State Farm Mut. Auto. Ins. Co. v. Allstate Ins. Co.

Decision Date09 July 1970
Citation9 Cal.App.3d 508,88 Cal.Rptr. 246
CourtCalifornia Court of Appeals Court of Appeals
PartiesSTATE FARM MUTUAL AUTOMOBILE INSURANCE COMPANY, a corporation, Plaintiff and Respondent, v. ALLSTATE INSURANCE COMPANY, a corporation, et al., Defendants and Appellants. Civ. 12167.

Rich, Fuidge, Dawson, Marsh & Morris, by Charles Dawson, Marysville, for plaintiff-respondent.

Johnson, Davies & Greve, by Claire Greve, Sacramento, for cross defendant-cross complainant appellant Pacific Indem.
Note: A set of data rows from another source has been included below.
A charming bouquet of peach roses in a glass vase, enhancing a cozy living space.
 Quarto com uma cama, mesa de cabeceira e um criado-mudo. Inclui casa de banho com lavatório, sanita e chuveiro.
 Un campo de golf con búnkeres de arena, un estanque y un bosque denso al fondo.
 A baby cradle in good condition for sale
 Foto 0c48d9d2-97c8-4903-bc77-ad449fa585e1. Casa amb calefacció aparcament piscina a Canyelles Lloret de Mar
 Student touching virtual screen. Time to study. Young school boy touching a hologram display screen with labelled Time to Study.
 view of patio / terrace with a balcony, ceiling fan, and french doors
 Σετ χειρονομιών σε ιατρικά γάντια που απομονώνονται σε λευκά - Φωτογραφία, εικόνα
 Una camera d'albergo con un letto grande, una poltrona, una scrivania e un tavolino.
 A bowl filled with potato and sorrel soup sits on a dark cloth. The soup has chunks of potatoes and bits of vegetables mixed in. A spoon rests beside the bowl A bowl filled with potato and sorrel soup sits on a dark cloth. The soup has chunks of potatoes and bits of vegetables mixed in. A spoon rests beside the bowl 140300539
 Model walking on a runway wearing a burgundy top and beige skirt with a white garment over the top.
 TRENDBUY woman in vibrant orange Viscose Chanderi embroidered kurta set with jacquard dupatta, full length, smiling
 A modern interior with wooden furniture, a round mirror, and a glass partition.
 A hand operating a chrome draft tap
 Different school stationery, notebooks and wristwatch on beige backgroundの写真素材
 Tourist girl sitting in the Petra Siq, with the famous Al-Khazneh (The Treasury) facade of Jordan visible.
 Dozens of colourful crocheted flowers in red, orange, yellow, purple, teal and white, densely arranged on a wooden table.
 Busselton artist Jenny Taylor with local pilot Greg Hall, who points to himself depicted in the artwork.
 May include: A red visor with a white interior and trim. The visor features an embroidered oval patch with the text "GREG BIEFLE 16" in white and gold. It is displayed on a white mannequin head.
Douglas B. McDonald, Sacramento, and Cyril Viadro, San Francisco, for defendant-cross defendant appellant Allstate.

Fitzwilliam, Memering, Stumbos & DeMers, by T. D. Bolling, Sacramento, for cross defendant-respondent American Motorists.

Rust, Hoffman & Mills, by John S. Gilmore, Sacramento, for cross defendant-respondent St. Paul.

James F. Perley, Fremont, for defendant-cross respondent Weimken.

Carlton & Asbill, by Daniel Carlton, Redding, for defendant-respondent Alsbury.

Jere E. Hurley, Jr., Redding, for defendant-respondent Faucett.

FRIEDMAN, Associate Justice.

This is an appeal from a declaratory judgment determining the obligations of five insurance companies for the payment of personal injury judgments against Dean Wiemken. Another phase of the appeal involves an award of damages for breach of an insurer's obligation to defend.

In December 1965 Wiemken was the operator of a Christmas tree lot in Fremont, Alameda County. Wiemken's employee, Rose, was driving Wiemken's 1955, one and one-half ton Dodge truck in Shasta County and collided with an automobile, injuring the latter's two occupants, Alsbury and Faucett. The two injured men sued Wiemken and Rose. Alsbury was awarded damages of $40,000 and Faucett $110,000.

At the time of the accident Wiemken had the following casualty insurance policies:

(1) An automobile policy issued by Allstate Insurance Company with a limit of $100,000/$300,000, specifically covering a 1955 Chevrolet pickup truck, a 1965 Pontiac sedan, a 1957 Ford convertible, plus several defined classes of vehicles, including Temporary substitute automobile.

(2) An automobile policy issued by St. Paul-Mercury Insurance Company with a limit of $50,000/$100,000 covering a 1959 Ford station wagon.

(3) A comprehensive liability policy 1 with a limit of $300,000 issued by Pacific Indemnity Company, designating Wiemken's Christmas tree lot (including The ways immediately adjoining as the premises and covering The ownership, maintenance or use of the premises, and all operations necessary or incidental thereto.

(4) A homeowner's liability policy issued by American Motorists Insurance Company with a $25,000 limit.

A fifth insurer, State Farm Mutual Automobile Insurance Company, is involved because of liability policies it had issued to Rose's father. Rose was apparently a minor at the time of the accident and a resident of his father's household. The father had the following State Farm policies:

(1) A homeowner's liability policy with a limit of $10,000/$20,000.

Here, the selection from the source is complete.